Wherever a picture sits, omit it. Output the rest of the listing exactly.

PROVIDED MATERIAL Block Start

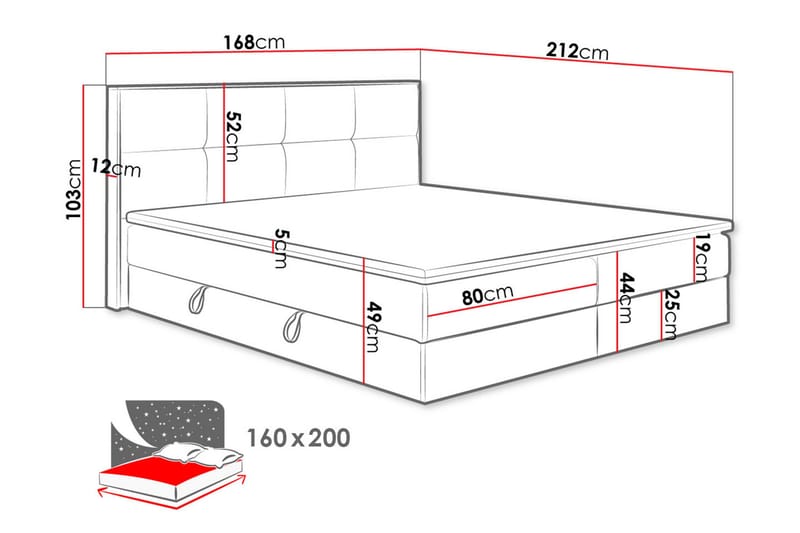 Oppbevaringsseng EUPHORIA 160x200 - Svart - Møbler - Senger - Familieseng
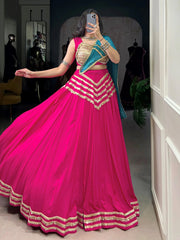 Pink Cotton Lehenga Choli – Sequins & Seashell Work with Blue Dupatta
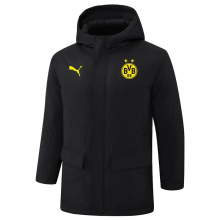 24-25 Dortmund Black Hooded Windbreaker Fabric Cotton Coat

PROVIDED MATERIAL Block End

ANSWER FOR THIS EXERCISE:
 Oppbevaringsseng EUPHORIA 160x200 - Svart - Møbler - Senger - Familieseng
 Pink Cotton Lehenga Choli – Sequins & Seashell Work with Blue Dupatta
 24-25 Dortmund Black Hooded Windbreaker Fabric Cotton Coat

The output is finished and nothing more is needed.